* **Data segment**

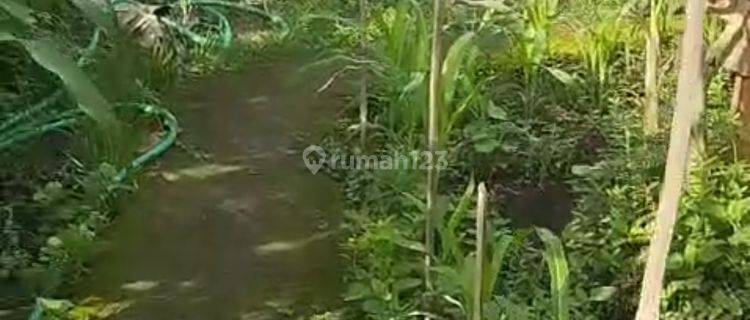 Tanah Central Ubud View Sawah Lingkungan Villa Rental 1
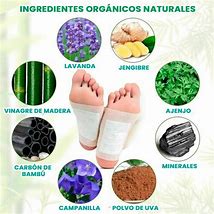 20 parches Herbal detox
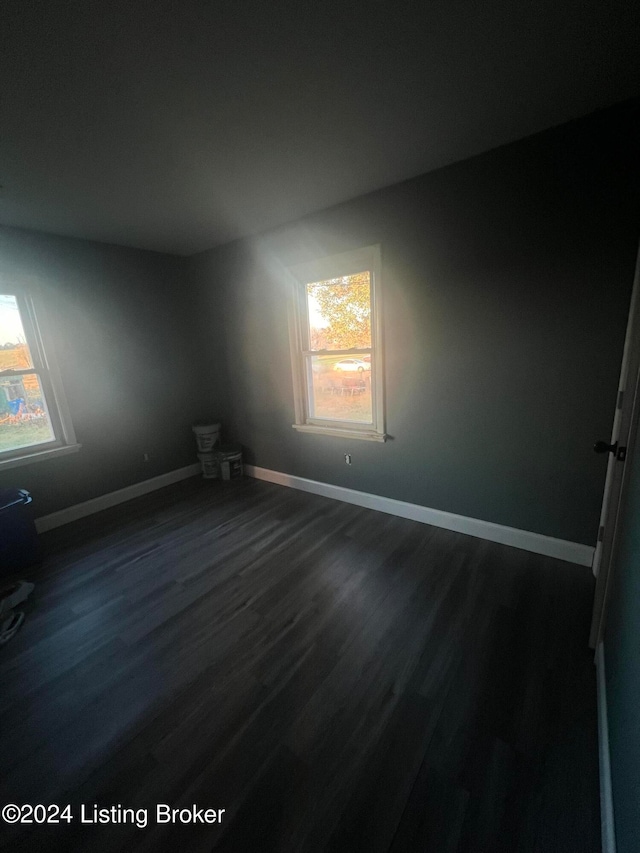 spare room with dark wood-type flooring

* **Prompt**
From the first line to the last, repeat the data above exactly and leave the pictures out.

* **Answer**
 Tanah Central Ubud View Sawah Lingkungan Villa Rental 1
 20 parches Herbal detox
 spare room with dark wood-type flooring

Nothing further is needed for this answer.